Thursday, February 10, 2005

Yesterday's post is gone

I had a post here yesterday that I withdrew after a few hours. It asked readers to post their five greatest qualities publicly. The challenge there was that people are often very confident about their qualities in private and in their own head. However, when it comes to stepping up on a pedestal and addressing a crowd the very same qualities can sound phony, braggist and in a sense like a Miss Universe contest where truly intellectually-challenged women stand in front of a similar crowd and announce their positive traits.

I have always struggled with that. I simply undermine myself when someone asks me what I do. I know I do a whole lot and am an important contributor in my company and I hold a whole lot of credibility. But if someone asks me what I do, I give a stupid dumb answer like, "I'm a menial programmer"...and that's so untrue it frustrates me the moment after I answer. I'm definitely not a menial programmer. I started out that way four years ago. Today, I barely write any code whatsoever. I have moved on to be a Technical Lead and coordinate internal or customer projects with teams of three or four people at a time. See, that's so far away from being a menial programmer yet I can't get myself to say that to someone because to me it sounds like I'm bragging. Am I ???? Can you state your qualities publicly like that ??
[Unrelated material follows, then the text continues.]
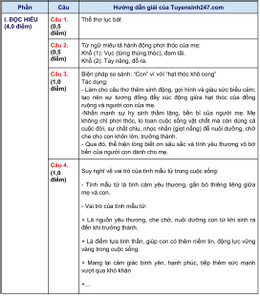 Ninh Bình 1.jpg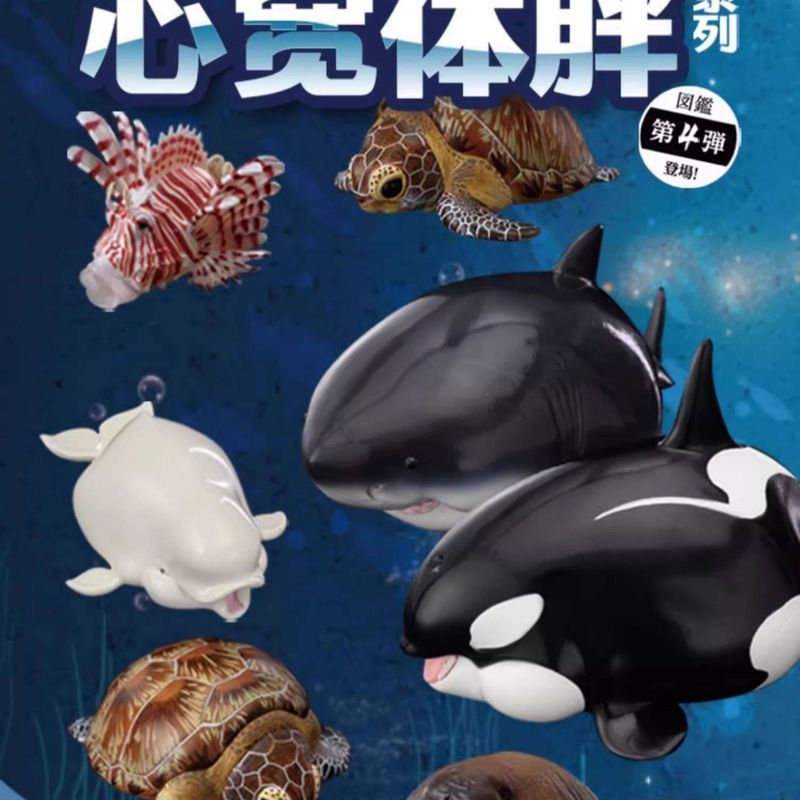 Animal Planet: The Happy and Plump Series, Tập 4: Hộp mù phiên bản đại dương - Trang trí Đồ trang tr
And that's why I withdrew the post - precisely because of this struggle that I go through. I read my own post - felt like I was bragging and sounding foolish - and withdrew the post. I have GOT to overcome this stupidity !!

1 Comments:

Blogger Archana said...

What can I say except 'you know yourself better than anyone else'.....why care what people think when you know that you are not bragging? why care what someone thinks when you are expressing what you are?